Tuesday, September 21, 2010

America's Unchanging Two Party System

According to the political scientists, the United States has enjoyed five party systems, ending up in today's Republican/Democratic Party division.

But really, it's always been the same.

There has always been a middle-class commercial party and there has always been a populist power-to-the-people party.

The Federalist/Whig/Republican Party has always believed in an America where if you study hard and work hard you can make a decent standard of living for yourself.

The Anti-federalist/Democratic-Republican/Democratic Party has always believed that you need a politician to fight for the people against the powerful.

For the rich and powerful, there has always been a temptation to lead the populist party. Thus Thomas Jefferson, slave-owning landowner, affected a man-of-the-people image when he arrived in Washington DC to become president in 1801. Ditto Franklin Delano Roosevelt, scion of Dutch padroons. Ditto the Kennedy clan, rich kids of a successful Wall Street speculator.

When they first emerged onto the political stage the Progressive movement of educated youth ran against the powerful city machines and their patronage politics. It was the genius of the liberals of the 1930s to convert the elite Progressivism of the turn of the 20th century into a vanguard cadre to lead the down-scale big city machines and give their crude patronage/clientage politics a patina of good government.

President Obama and his liberal allies in Congress have scorched off that patina in an acid bath, and the great middle class in America now sees the Democratic Party as an unalloyed patronage party, to which you belong if you think that the only way to get ahead is as the rank-and-file in some political army.

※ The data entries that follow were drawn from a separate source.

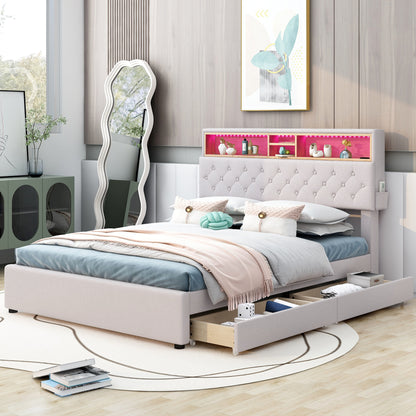 Upholstered Bed with Storage Headboard, LED, USB Charging and 2 Drawers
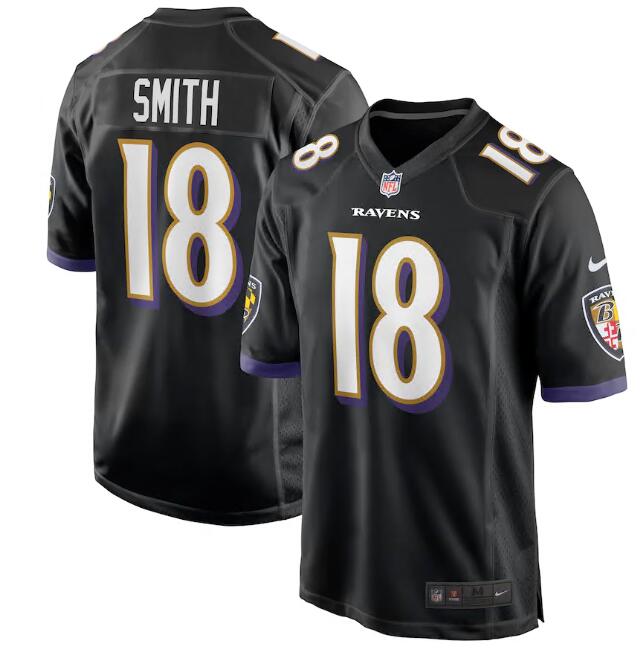 Men Baltimore Ravens #18 Roque Smith Black Vapor Limited Stitched Jersey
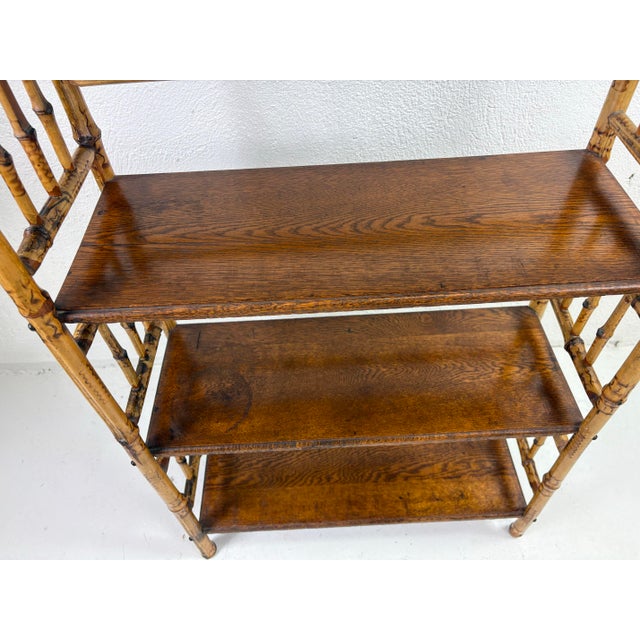 Antique Handcrafted Bamboo and Oak Etagere For Sale - Image 4 of 12
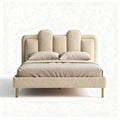 Upholstered bed frame with curved headboard in beige fabric 200 x 160 x 100cm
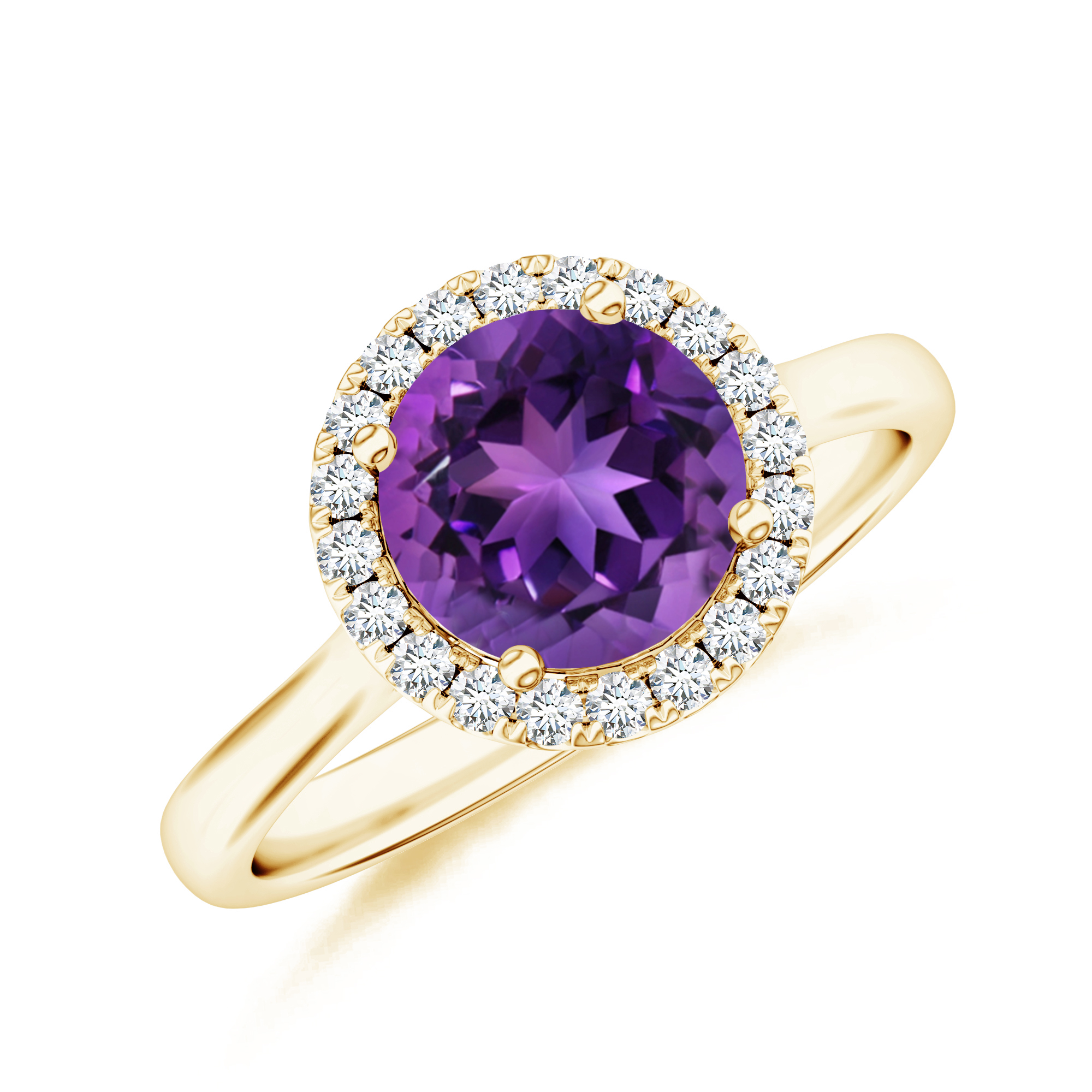 Inel TIMELESS: aur galben 18k, ametist / diamante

The defeat of Mayor Fenty last week is a sign that maybe the white gentry liberals, the heirs of the elite Progressives of 100 years ago, are reaching their limit in the patronage/entitlement/identity/jobs-for-the-boys politics of today's Democratic Party.

The Tea Party, on the other hand, is a pure expression of middle-class commerical politics. Worried about debt and ruinous spending, it is forcing the Republican Party away from a mushy capitulation to patronage politics and back to his origin, the robust politics of the commercial industrial state conceived by Mr. Federalist, Alexander Hamilton, in the early 1790s.

How will it all turn out? My judgement is that the key to the future is middle class women. The feminist movement turned women to the left, and got them to believe in patronage politics for a while. But I think that middle-class women are not voting their interest when they vote for patronage, identity, feminist politics. Women stand or fall by the families they build and the children they raise to adulthood. Welfare state patronage politics plays merry hell with all that, and women are not stupid. They are trusting, and they believed the feminists when they told them that they needed to stand for women's rights. But women are not stupid. They know what their children need in a global competitive economy, and it is not the patronage politics of the Democratic Party.

All this is to say that the two party system lives and you ain't seen nothing yet!

1 comment:

  1. "middle-class women are not voting their interest when they vote for patronage, identity, feminist politics."

    So long as they are voting for Democrats or Republicans, no one in this country is voting their interest, or the interest of this country. Freedom and independence today begins with freedom and independence from the ruling parties, the two-party state and the duopoly system of government.